Ce 21 février, le Medef – plus précisément Geoffroy Roux de Bézieux, président du Medef – a donné rendez-vous aux candidats à l’élection présidentielle à Station F. L’objectif pour ces derniers : présenter tour à tour leur programme économique, dans un lieu emblématique de l’innovation et de l’investissement. Station F, basé dans le 13e arrondissement de Paris, n’est plus à présenter : cet incubateur inauguré en 2017 regroupe plus de 1 000 start-ups et pas moins de 30 programmes d’accompagnement. Aujourd’hui, les candidats à l’élection présidentielle ont ainsi pu s’adresser directement aux chefs d’entreprises de demain mais aussi à leurs électeurs. Ainsi, Yannick Jadot, Fabien Roussel, Valérie Pécresse, Anne Hidalgo, Marine Le Pen et Éric Zemmour - par ordre de passage - ont fait état de mesures variées : écologie, industrie, souveraineté, relocalisation, mondialisation, commande publique, numérique,… Seul Jean-Luc Mélenchon manque à l’appel, mais ce dernier a déjà eu l’occasion de débattre avec Geoffroy Roux de Bézieux sur France 2.

Premier candidat à se plier au jeu, Yannick Jadot, candidat Europe Ecologie les Verts (EELV), « La transition écologique se fera avec les entreprises ou ne se fera pas ». Le ton est lancé. Pour ce faire, le candidat annonce qu’un investissement de 10 milliards d’euros sera dédiée au bâtiment et notamment à la rénovation thermique des logements ». Il souhaite également que la France retrouve sa souveraineté et promeut un Buy Act européen. « Notre horizon est celui d’une nouvelle économie, robuste, résiliente, souveraine, en phase avec les impératifs de la transition climatique. Aujourd'hui, l'Union européenne n'a pas de politique industrielle ». En ce sens, Yannick Jadot souhaite transformer la baisse des impôts de production en fonds de soutien aux mutations et à l’innovation industrielle avec les conseils régionaux ». Le numérique a été évoqué avec parcimonie. « Les grands sujets de demain sont l’écologie et le numérique. Le numérique peut être un levier extraordinaire pour la transition écologique » a ajouté le candidat EELV.

« Diminuer la facture énergétique des français »
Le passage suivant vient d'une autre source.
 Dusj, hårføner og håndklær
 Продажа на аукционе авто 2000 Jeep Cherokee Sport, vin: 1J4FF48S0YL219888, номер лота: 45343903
Le Parti Communiste Français (PCF) a également son mot à dire dans l’économie. Son candidat, Fabien Roussel, a fait un constat simple, « il faut baisser le loyer du capital face à un système qui n’est plus soutenable ». Face à la délocalisation, « le bilan est terrible, aujourd’hui 1 million d’emplois perdus » précise Fabien Roussel. Il défend ainsi une relocalisation de la production, « il faut valoriser l’innovation industrielle, développer l’emploi manufacturier, investir dans la formation. Il faut des outils de financement public avec des critères précis à direction des entreprises et notamment des PME ».
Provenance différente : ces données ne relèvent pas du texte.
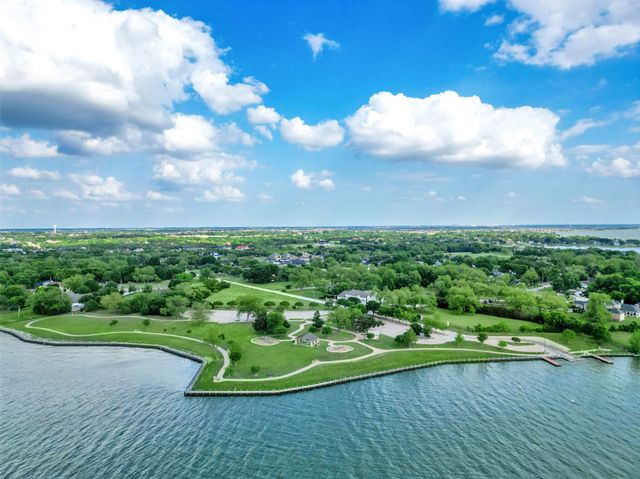 101 Ambrosia Lane, Heath, TX 75032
L’écologie est également à l’ordre du jour parmi les mesures annoncées par le candidat. « Nous allons diminuer la facture énergétique des entreprises françaises. C'est pourquoi je veux investir dans le nucléaire ». Pas moins de 1 400 milliards d’euros seront ainsi dédiés à la transition écologique, avec pour objectif la rénovation de 700 000 logements par an. Enfin, le candidat PCF a salué le lieu d’accueil, Station F, « la richesse est là, c’est la France » ajoutant vouloir « que les petits payent petit et que les gros payent gros » en évoquant les entreprises et la taxation de ces dernières.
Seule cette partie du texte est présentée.